The project will start later this summer and is expected to take three years. Its cost is estimated at $27.6 million, making it the most expensive landfill cleanup in the history of Minnesota's landfill remediation program.

From 1969 to 1975, Ramsey and Washington counties used the 35-acre landfill, in Lake Elmo, as a garbage disposal site.

3M Co. also used the site to legally dump materials, including the chemical PFBA, a coatings compound used in photographic films and other products.

In the past year or so, the Minnesota Pollution Control Agency (MPCA) has been weighing several options to clean up the site.

Recently, agency officials chose the dig-and-line approach, over the objections of some Lake Elmo citizens and city leaders. They had lobbied for removing the waste permanently, either by hauling it away in trucks to a different landfill or by incinerating it on site using a futuristic technology called plasma-torch incineration.

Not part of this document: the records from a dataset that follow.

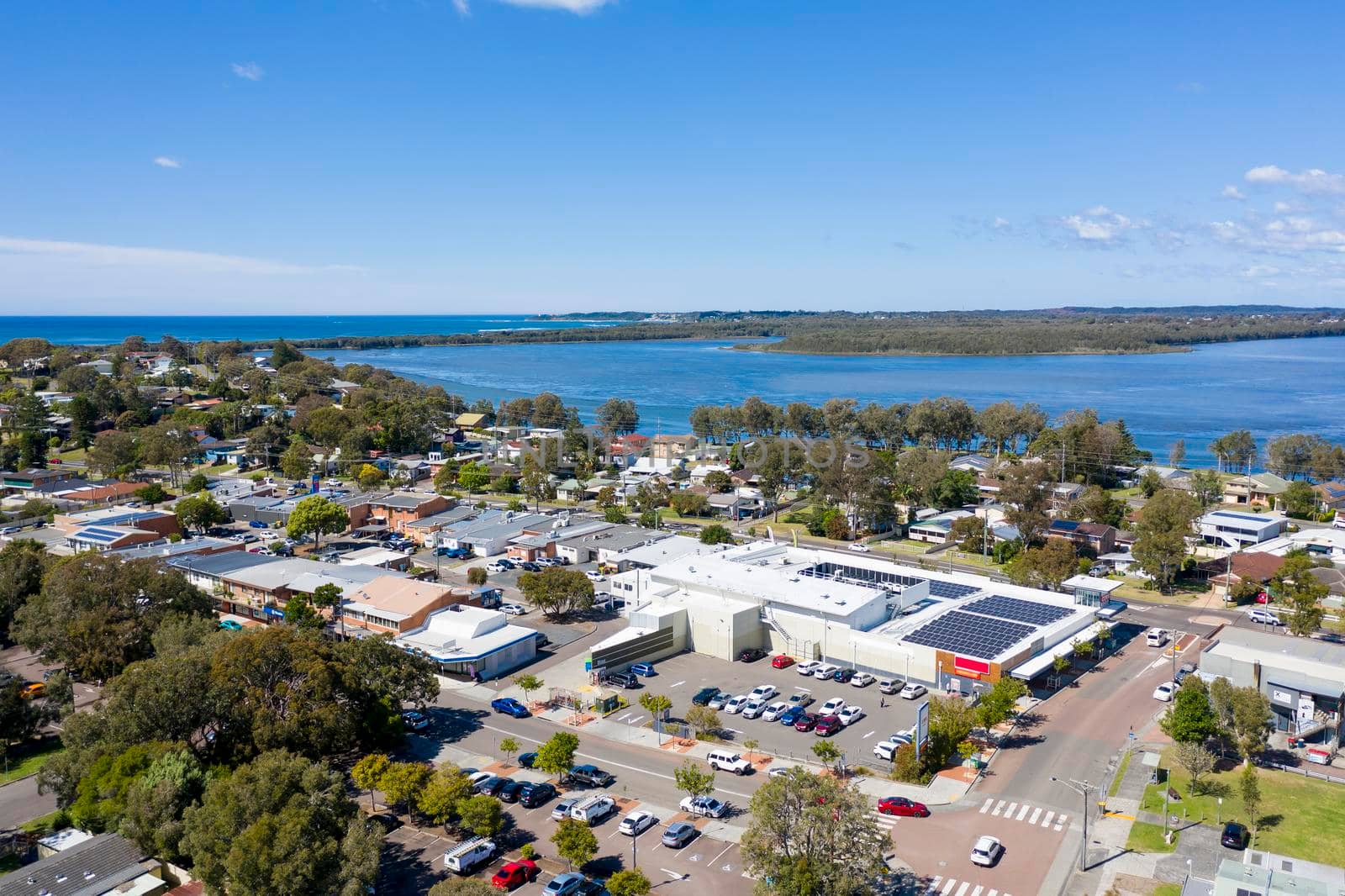 Aerial view of Lake Munmorah and the township of Budgewoi on the central coast of regional New South Wales in Australia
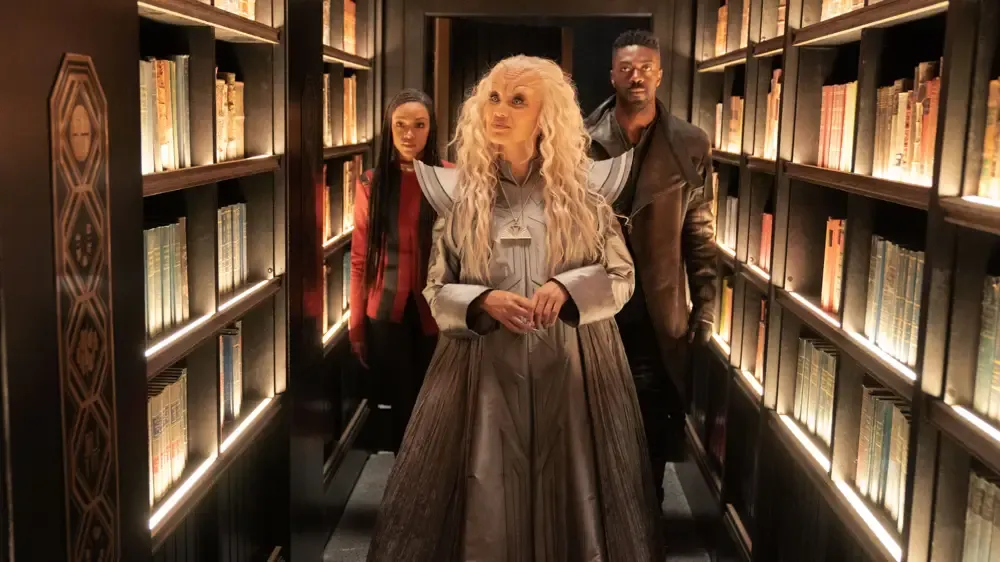 Burnham and Book accompany a librarian on the way to the next task.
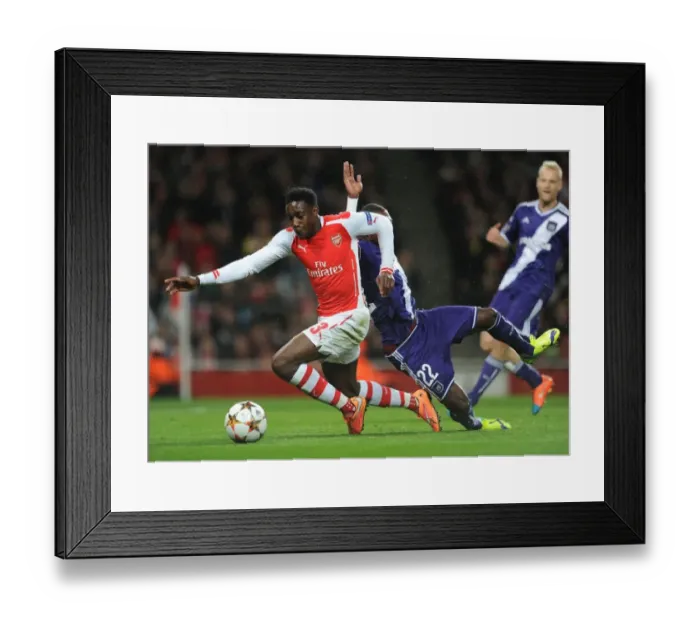 Framed Print : Arsenal's Danny Welbeck Fouls by Chancel Mbemba: Penalty Called in UEFA Champions League Match Framed Print : Arsenal's Danny Welbeck Fouls by Chancel Mbemba: Penalty Called in UEFA Champions League Match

"I know some people may be disappointed," said state Sen. Kathy Saltzman, DFL-Woodbury, who co-authored legislation last session that secured $25 million in revenue bonds for cleanup of four landfills, including the Washington County landfill.

In addition, 3M has agreed to contribute $8 million.

"The cost of moving a landfill of that size could obviously be done at some point, but it may have taken years to secure the funding," she said. "It came to a point of balance, of making sure this issue was addressed as quickly as possible."

State Rep. Julie Bunn, DFL-Lake Elmo, the other co-author, said a provision in the law requires the MPCA to use a triple liner in the landfill for added protection against leakage.

Right now, the landfill is covered but not lined, said Peter Tiffany, a senior engineer with the MPCA. Typically, the agency uses a double-layer lining.

Tiffany said the cleanup will be in three phases. The plan is to first dig a hole into fresh soil and start installing a liner. Then workers will move the waste from the existing landfill into that liner. The waste that has just been removed will free up more land in the landfill and an additional liner will be installed, and more waste will then be removed.

The triple liner will be made of the same kind of material as a garbage bag, but much thicker, Tiffany said. In between each layer, there will be a drainage system.

"This is by far the biggest project we've done," he said.